The request responds to applications for special leave to appeal filed by two policyholders seeking to overturn the Federal Court’s decision, which found that their losses were not covered by their policy clauses.  

Earlier in February 2022, the Full Court of the Federal Court of Australia had upheld arguments made by insurers in four out of five matters raised, finding that in those four matters, insurers were not liable to indemnify policyholders.  

Of the policyholders seeking appeal, one party will argue that cover is available under a ‘prevention of access’ clause or the ‘hybrid clause’ in their policy, and the other party will argue that cover is available under the ‘prevention of access clause’ or the ‘catastrophe clause’ in their policy.  

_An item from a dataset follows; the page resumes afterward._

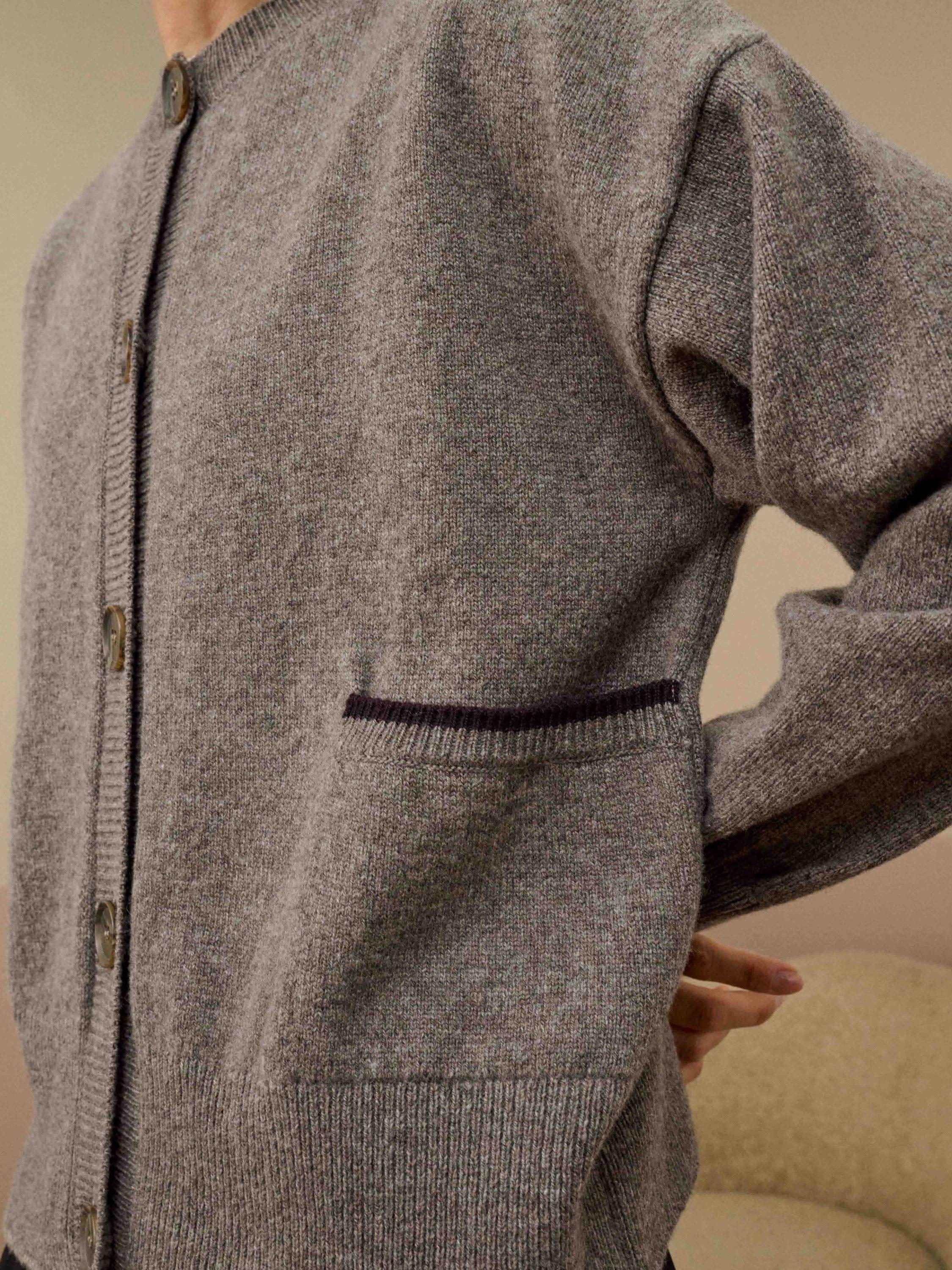 Product image 4 of 5, which shows Brora Round Neck Long Sleeve Lamswool Cardigan , Otter, 12-14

The insurer IAG has also filed an application, specifically seeking to appeal the Full Court’s decision that JobKeeper payments should not be taken into account when calculating insurance payments.  

The Insurance Council of Australia has acknowledged the High Court’s request for oral arguments and has maintained that the insurance industry will meet the costs of policyholders in the appeal process.  

The High Court has indicated that a hearing would be listed in October 2022 at the very earliest.  

This case serves as the insurance industry’s second Business Interruption test case, with the first test case arising last year in relation to policies with exclusions made in reference to an expired Act of Parliament.